我心默然。父親走了十多年了,我們幾弟兄都在外面,開頭幾年母親跟著我們過,後來無論如何要回鄉下住。犟不過她,就把老房子拆了重修一遍,古話說「父母在,不遠遊」,可兒女要如何才做得到?只有讓她住著安穩點,算是彌補一點我們心中的愧疚吧。

這樣邊走邊聽她絮絮叨叨:城裡的種種不好,種種食物有毒的謠言。又不停地提醒我走路邊草上面莫走路中間,路中間泥巴多又滑。走過一段鄉村公路、走過幾戶人家水泥築成的院壩、下一段斜坡,來到一處山坳邊的柏樹坪。

柏樹坪里碗口粗的樹望不到頭。四散的母雞在翻土覓食,樹下的平整的土地被它們糟蹋得寸草不生,呈現一種肥沃的黑色。公雞遠遠地昂著頭轉著小眼警惕地張望,咯咯咯叫著向它的妻妾們發出警報,愚蠢的母雞們不以為然,自顧自地刨土。林子一角用竹子圍成人多高的柵欄,就是土雞家族的寢宮了。頂上蓋著油布,地上中間放置一大盆,一群麻雀跳來跳去,偷吃雞群剩下的殘食。

我正沉浸在對美味雞湯的遐想之中不能自拔時,被突如其來的狗叫嚇了一跳。但見雞圈邊竄出只黑背狼狗,長得高大威猛,身長五尺,毛色發亮,鐵鏈拉得嘩嘩響,吼聲震動整個山林。我不禁心嘆這真是條好狗啊,怎麼拴在山上?看它那樣子又不像受了虐待,那半米長的食槽、半人高磚瓦精心修成的狗舍就是證明。心想我們要是有這麼一條大狗該多好,又嘆道這畜牲一天得吃多少東西啊。
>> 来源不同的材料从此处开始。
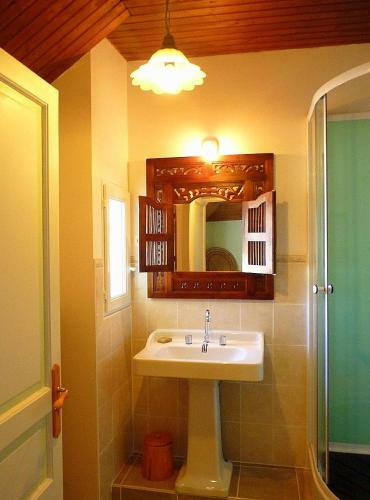 Bed & Breakfast La Villa Bleue de Mauleon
不過它叫了幾聲就顯得敷衍了,眼神毫無凶光、叫不露牙、粗大的狗尾下意識地搖著。這些動作漸漸讓我摸清了它虛有其表其實內心溫順的本質。它裝模作樣地叫幾聲不過是在例行公事通風報信而已。

母親揚著竹棍嗔道:「鬧啥鬧,我們是找你媽買東西的!」這狗子真就安靜下來,精確地按從頭到尾的順序抖了全身的狗毛,舔了舔舌頭,趴在地上。全身不動就眼珠子動,看一下我又斜睨一下身上的鐵鏈故作憂鬱,那眼神分明就在暗示我可不可以幫幫忙把它放了,又好像在不平,憑什麼雞就可以自由自在而它不能。

其實母親和我都是養了狗的,母親的兩隻是自己跑來的,白色小土狗,眉清目秀,乖巧懂事。母親走到哪它們都亦步亦趨地跟著。我以前勸她說一個人在家說話的人都沒有,多不習慣啊。她說我有狗啊、鵝啊、雞啊這些,有啥不習慣的?我養狗是女兒小時候鬧著想要,其實從抱回來一直都是大人在照顧。養了好多年,女兒也漸漸長大,陪我們的時間越來越少。只有狗兒到是一直在身邊,去哪都在一起。久而久之,有時回憶去散過步的某處,都分不清到底是和女兒去的還是和自己小狗去的了。我不知道母親是不是也這樣,我們不在身邊的時候,心裡就把這些小動物當成了孩子。

「桂蘭,在屋頭沒——」母親喊了聲。

山坳里新修的小洋樓後門「吱呀」地打開了,一個捆著圍裙的中年婦人走了出來。

「哦,秀阿姨啊,快下來,快來烤火。」

母親不忘轉過頭叮囑我:「下梯坎了,滑,慢點。」在她眼中我好像還是不會走路的孩子。

我笑著說:「曉得了,你慢點才是真的。」

狼狗在我身後拉直了鏈子,望著山下的主人嚶嚶地叫著,表示來客人了它也想下去玩。

小洋樓的偏房裡燒著火堆,柴塊已變成紅彤彤的火炭。桂蘭熱情地拉來椅子讓我們坐著烤火,母親說明了來意。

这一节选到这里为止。